Amerika ve Dünya, Bush ve neo-con’ların politikasına karşı Amerika’da devlet içinde oluşan alternatif çizgiyi temsil etmektedir.

OBAMA'NIN ZEKASI

Öyle ki, Kasım 2008’deki başkanlık seçiminden bir ay önce yayınlanan bu kitabın, Obama da McCain de seçilse, izlenecek politikanın ana hatlarını ortaya koyduğu söylenebilir. Zaten karşıt siyasi çizgilerde yeralmalarına karşılık, Ağustos 2002’de Brzezinski Washington Post, Scowcroft da Wall Street Journal’e yazdıkları makalelerle Irak işgaline karşı çıkmışlardır. Obama yönetimine yakın olarak bilinen bu iki isimden Brzezinski, kitapta, “Obama’yı en baştan beri sevdiği” itirafında bulunur.

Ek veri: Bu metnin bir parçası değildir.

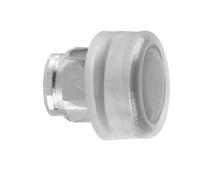 Schneider Electric ZB4BP2 Harmony ZB4BP2 Bouton-poussoir avec capot de protection, actionneur plat 1 bouton noir décrochage par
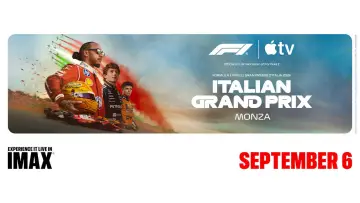 Zasłona do filmu "F1 on Apple TV Live in IMAX: Italy Race" #1579641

Brzezinski, Obama’nın “özgül zekası dışında, onun seçilmesinin kendiliğinden diğerlerinin itibarı için saygı işareti vereceğini” belirtir.

"KORKU ÜRETİLDİ"

Kitap, öncelikle Amerika’nın giderek daha fazla kendine güvenini kaybetmesinin nedenlerini sorgular. Ignatius’un, “(…) bugün Amerika’nın kendisini çok zayıf hissettiği noktaya nasıl geldik? Sanki Amerika’nın gücü bir karanlığa büründü ve etrafı zorluklarla çepe çevre sarıldı…” sorusuna her iki uzmanın itiraz etmeden karşılık vermesi, bu hissiyatın Amerika’daki derinliğini gözler önüne sermektedir. Brzezinski, 11 Eylül’ün Amerika’da “korku kültürü” yarattığını belirterek,“Bence bu korku, ne yazık ki, yardımcı olacağı düşünülerek türetildi ama istenilen olmadı” der.

IRAK’IN BÖLÜNMESİ

Brzezinski, Irak ve Saddam ile ilgili bir “aldatmaca atmosferinin” yaratıldığına dikkat çekerek, savaş yanlıları için, “(…)Yeni muhafazakarlar ve benim kanımca, Rumsfeld (eski Milli Savunma Bakanı) ve Cheney (eski Başkan Yardımcısı) gibi kendi çıkarlarının peşine düşmüş gerçekçiler vardı” görüşünü dile getirirken, Scowcroft, “Bana göre 11 Eylül’den sonra Başkan’ın görüşleri de temelden değişti. Bir çeşit dini çoşku …” gözlemini yansıtır.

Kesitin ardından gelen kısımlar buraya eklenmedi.